From Fig 3 it can be seen that the constituents of the IOCE for the RCM framework make up the other stages in the product lifecycle. Using the context diagram and the product lifecycle (Fig 3 & Fig 2) as a guide, a SIPOC (suppliers, inputs, process, outputs and customers) diagram [18] (see Fig 4) can be made for the RCM framework to clearly understand the specific links of RCM framework for a wind turbine gearbox to other stages of the gearbox lifecycle. Suppliers and customers define the cross-functional teams and individuals who are stakeholders in providing the inputs and making use of the outputs respectively, from the RCM framework. For the purpose of this

example, the majority of suppliers and customers are internal to the organisation, with the only external stakeholder being the gearbox manufacturer. The inputs to the process considered here are mainly the data which are required for RCM. This data varies from design to field data and requires individuals with respective technical competencies to make use of them for RCM. Also, the suppliers and customers of the RCM process are mostly the same groups of individuals, however, they make use of different inputs and outputs of the process. For example, the design engineering team are responsible for providing design information which are needed for RCM, however, they also have to make use of other data like failure and repair information for design reviews. Hence for an ideal RCM framework to be implemented, these stakeholders will have to participate in shaping the requirements for the process directly or indirectly. For example, design & manufacturing data are needed to be correlated with field operations data in order to identify the functional failures and select critical components. Therefore, the RCM group working on these aspects should be made up of representatives with the knowhow of the design and manufacturing details of the gearbox as well as those with field O&M experience.

Fig 4 SIPOC for the RCM framework for wind turbine gearbox

3.2. The Lifecycle System of Systems (SoS)

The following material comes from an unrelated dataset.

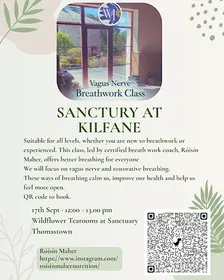 Vagus Nerve Breathwork Class- Kilfane, Thomastown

So far, there has been a gradual build-up in describing and linking RCM to the overall product lifecycle. In the context of a wind turbine project, the systems representation of the lifecycle is shown in Fig 5 below. The two clouds represent the production (in blue) and services/operations (in green) stages of the lifecycle showing the important interactions between major constituents of both systems. In a quick run through, a gearbox after being designed will go through a series of tests and then once manufactured will have to be integrated with other subsystems of the wind turbine (product integration). After integration with other components, the turbine is then installed in the field (construction) after which the service and operations lifetime begin in the field. The field

operation is characterized by plant operations and platform management. Plant operations are responsible for running individual wind farms while the platform management consists of those responsible for managing specific wind turbine type across different regions. Both the plant operations and platform management are responsible for overseeing service and maintenance of the turbines. The diagram also shows the connecting links from design to the field O&M stages and also the links between the quality team and other upstream stages of the lifecycle. Finally, the top management oversees all the different stages emphasizing the importance of aligning all stages of the lifecycle

4. Discussion

The previous two sections have presented the RCM framework for wind turbine gearbox maintenance and applied systems thinking to understand how the various stages of such a framework interact with other stages of the product lifecycle. This section will discuss further these interactions by looking at three key stages where the RCM framework can be anchored to the overall lifecycle.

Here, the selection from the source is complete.